> _What the task requires_
In the records below, find the line containing "Воспитанники футбольного клуба", then extract that line and all subsequent lines exactly, leaving out everything else.

> _Supplied records_
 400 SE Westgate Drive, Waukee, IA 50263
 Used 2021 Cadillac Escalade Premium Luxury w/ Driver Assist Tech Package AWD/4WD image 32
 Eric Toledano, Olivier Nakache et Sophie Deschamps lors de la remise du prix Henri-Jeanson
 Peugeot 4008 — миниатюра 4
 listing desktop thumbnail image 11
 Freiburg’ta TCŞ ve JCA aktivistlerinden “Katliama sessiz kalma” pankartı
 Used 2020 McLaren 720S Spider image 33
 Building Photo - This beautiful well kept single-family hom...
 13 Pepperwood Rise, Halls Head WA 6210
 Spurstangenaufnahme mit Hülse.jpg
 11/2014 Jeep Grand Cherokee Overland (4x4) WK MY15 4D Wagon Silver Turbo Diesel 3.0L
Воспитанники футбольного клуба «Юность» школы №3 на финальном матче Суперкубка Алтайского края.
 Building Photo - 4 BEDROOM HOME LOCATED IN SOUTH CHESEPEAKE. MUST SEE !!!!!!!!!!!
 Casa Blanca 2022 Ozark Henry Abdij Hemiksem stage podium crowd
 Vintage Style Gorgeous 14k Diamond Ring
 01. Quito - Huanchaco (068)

> _Answer_
Воспитанники футбольного клуба «Юность» школы №3 на финальном матче Суперкубка Алтайского края.
 Building Photo - 4 BEDROOM HOME LOCATED IN SOUTH CHESEPEAKE. MUST SEE !!!!!!!!!!!
 Casa Blanca 2022 Ozark Henry Abdij Hemiksem stage podium crowd
 Vintage Style Gorgeous 14k Diamond Ring
 01. Quito - Huanchaco (068)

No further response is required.